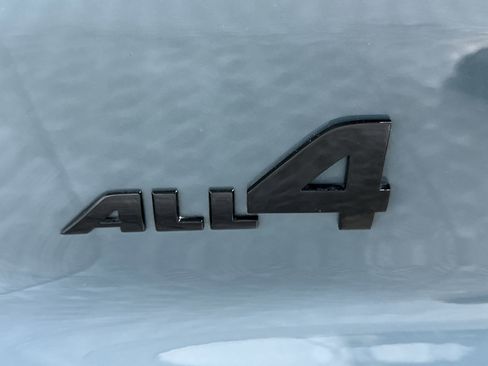 Used 2024 MINI Cooper Countryman S w/ Premium Package image 28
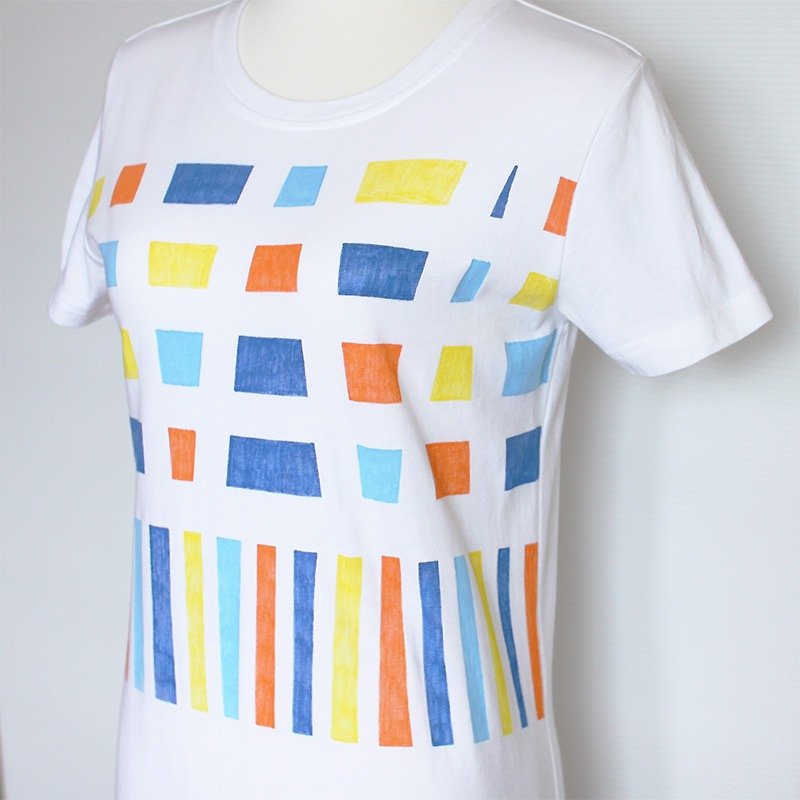 率性几何手绘长版T-shirt(只有一件) - 女装 T 恤 - 棉．麻 多色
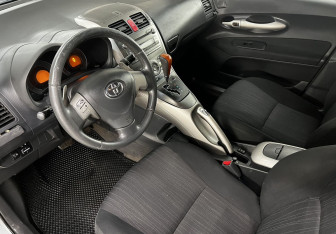 Подержанный автомобиль Toyota Auris Hatchback 2008 года (9 фото)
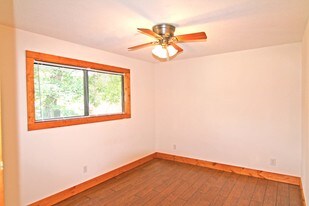 1203 W Washington St Springfield IL Apartments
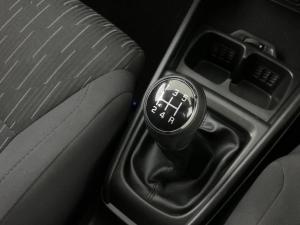 Suzuki Ertiga 1.5 GL - Image 13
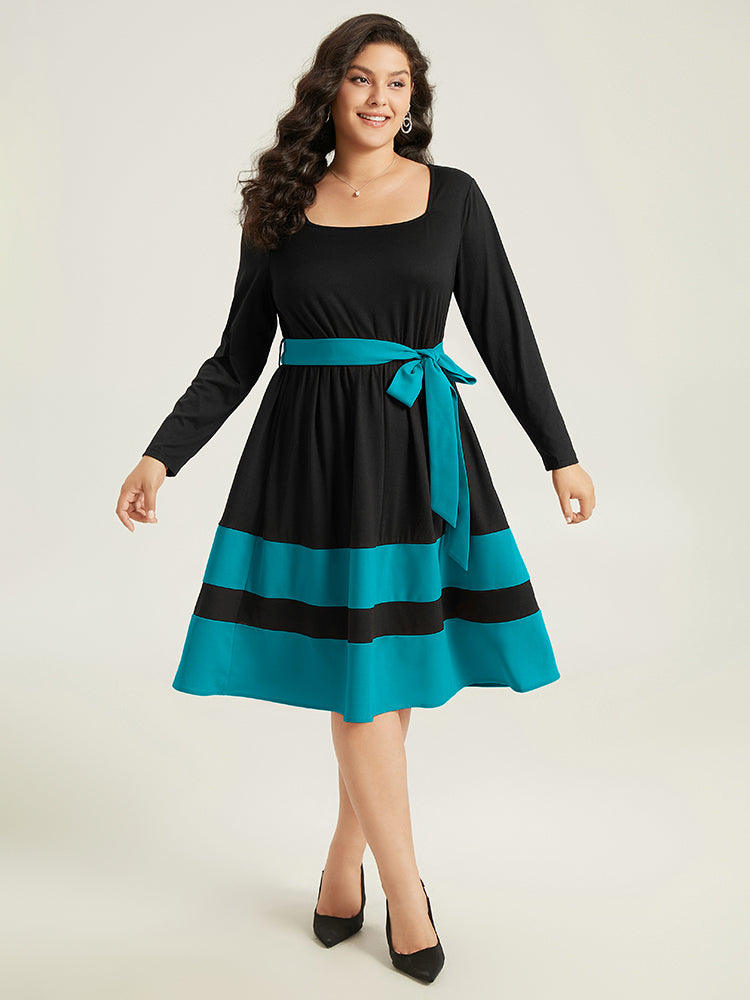 Two Tone Belted Bowknot Square Neck Dress
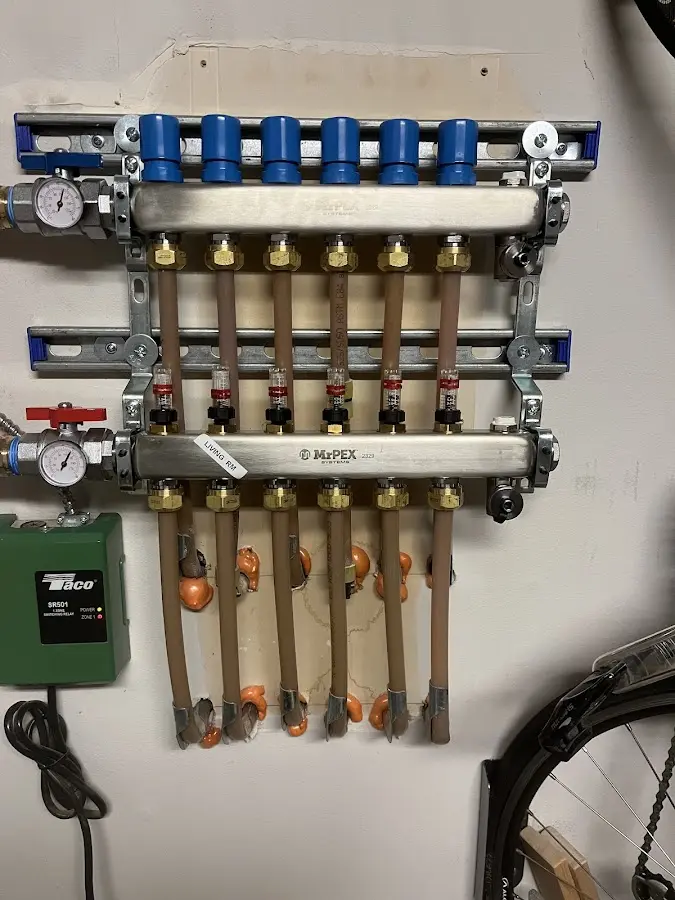 Plumber performing Leak Detection at a residential property in Flowing Wells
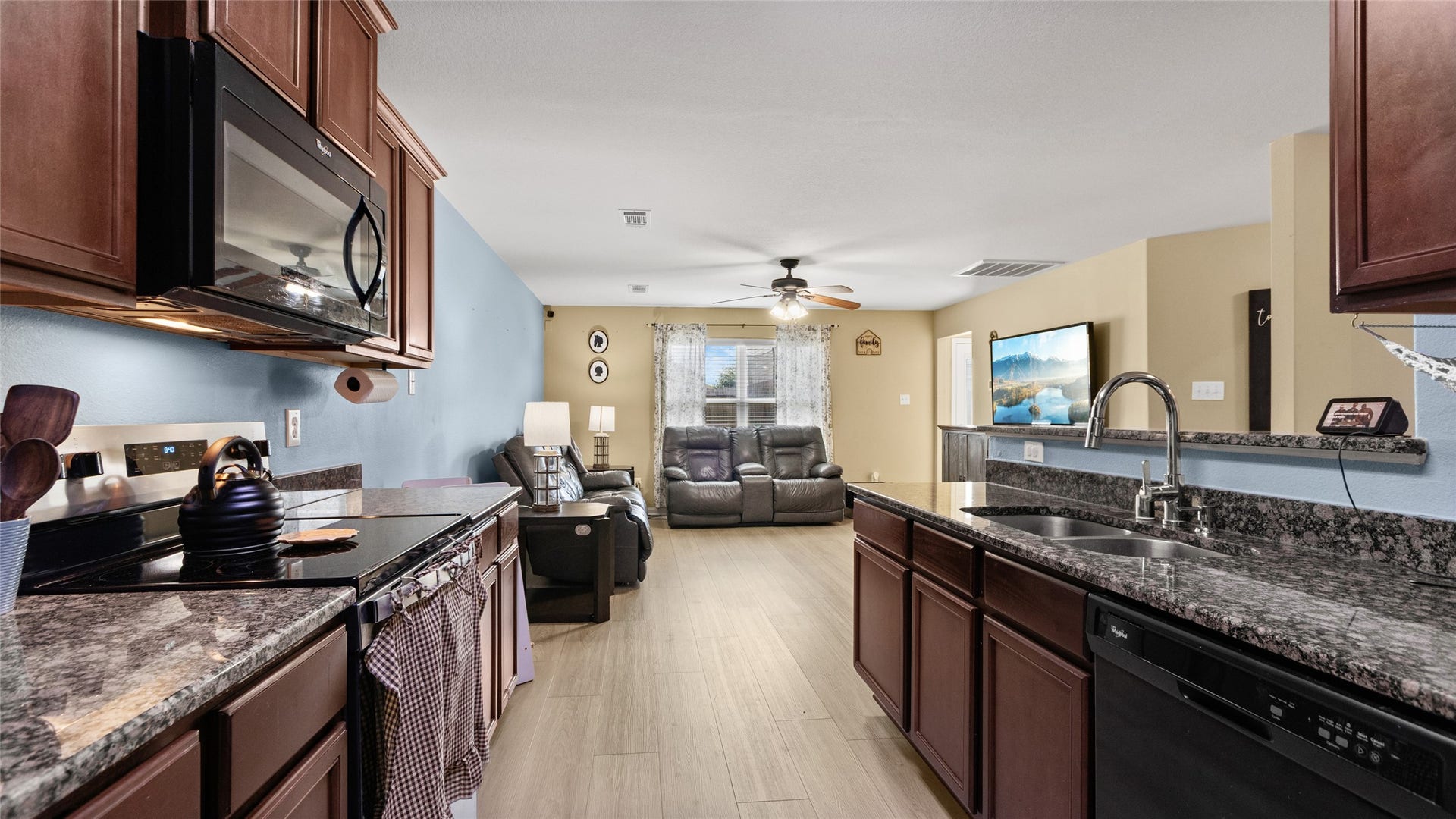 9439 Gold Mountain Drive, Rosharon, TX 77583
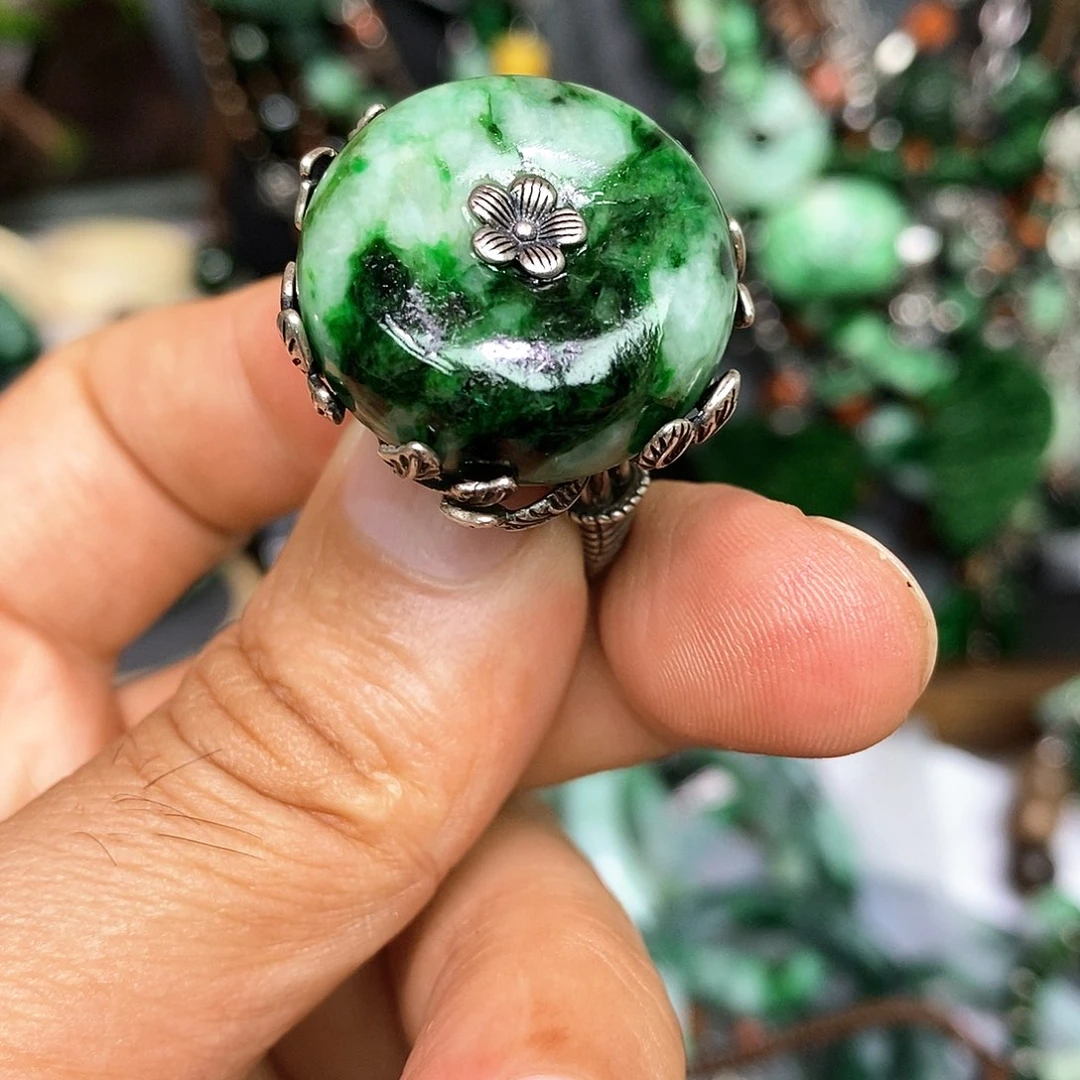 银S925镶嵌戒指翡翠漂亮美眉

About this exercise: Please retype exactly the lines from the one containing "Two Tone Belted Bowknot Square Neck Dress" to the last line of the records above, both included, without any pictures.

Exercise response:
 Two Tone Belted Bowknot Square Neck Dress
 Plumber performing Leak Detection at a residential property in Flowing Wells
 9439 Gold Mountain Drive, Rosharon, TX 77583
 银S925镶嵌戒指翡翠漂亮美眉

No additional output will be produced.